Base e (Natural Log): ln(x) is the exponent to which e (≈2.718) must be raised to get x.
Base n: logₙ(x) is the exponent to which n must be raised to get x.

Example: log₁₀(100) = 2, ln(e) = 1, log₂(8) = 3.

Practice with Different Bases: Try calculating logs with base 10, e, 2, and other numbers to see how the results change.
Understand Logarithm Properties: Learn and use rules like log_b(xy) = log_b(x) + log_b(y) and log_b(x^k) = k·log_b(x).
Apply to Real-World Problems: Use logarithms for pH in chemistry, decibels in sound, population growth, and compound interest in finance.
Check with Exponentials: After calculating log_b(x), check your answer by raising the base to the result (b^answer = x).
Use Technology: Use calculators, spreadsheets, or programming languages to compute logs for large or complex numbers.

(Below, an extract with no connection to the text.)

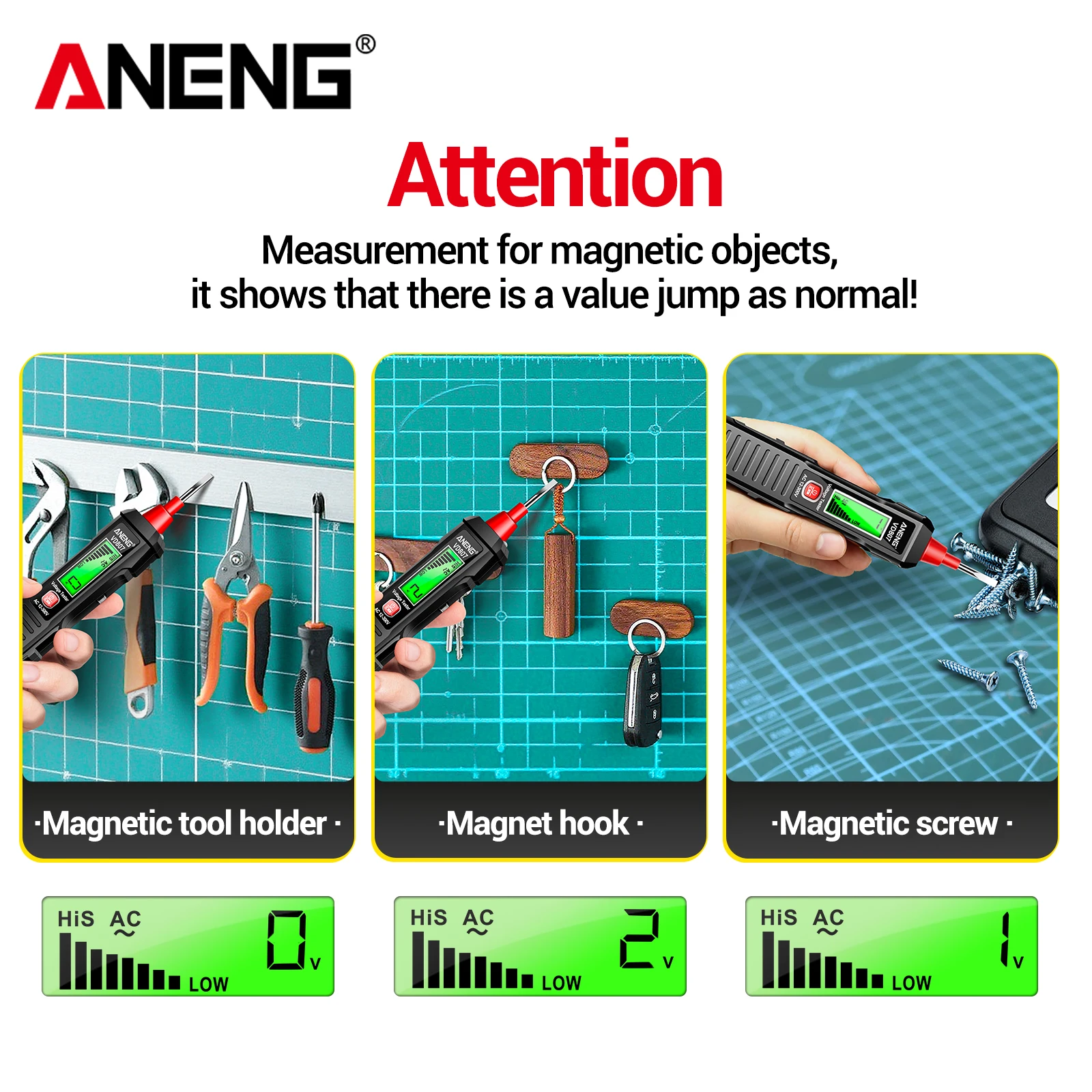 ANENG-multímetro de pinza amperimétrica, Kit de electricista ST181 + Vd807, pluma probadora de voltaje, Detector de voltaje de CA de 12V-300V, amplificador de coche, tapa Hz, herramienta NCV - imagen 5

Example: To solve for x in 2^x = 16, use log₂(16) = 4, because 2⁴ = 16.

A logarithm is the exponent to which a base must be raised to produce a given number. For example, log₁₀(100) = 2 because 10² = 100.

To calculate a logarithm, use the formula log_b(a) = x, which means b^x = a. You can use a calculator or logarithm tables.

Logarithms are used in mathematics, science, engineering, and finance for solving exponential equations, measuring sound intensity, pH, and more.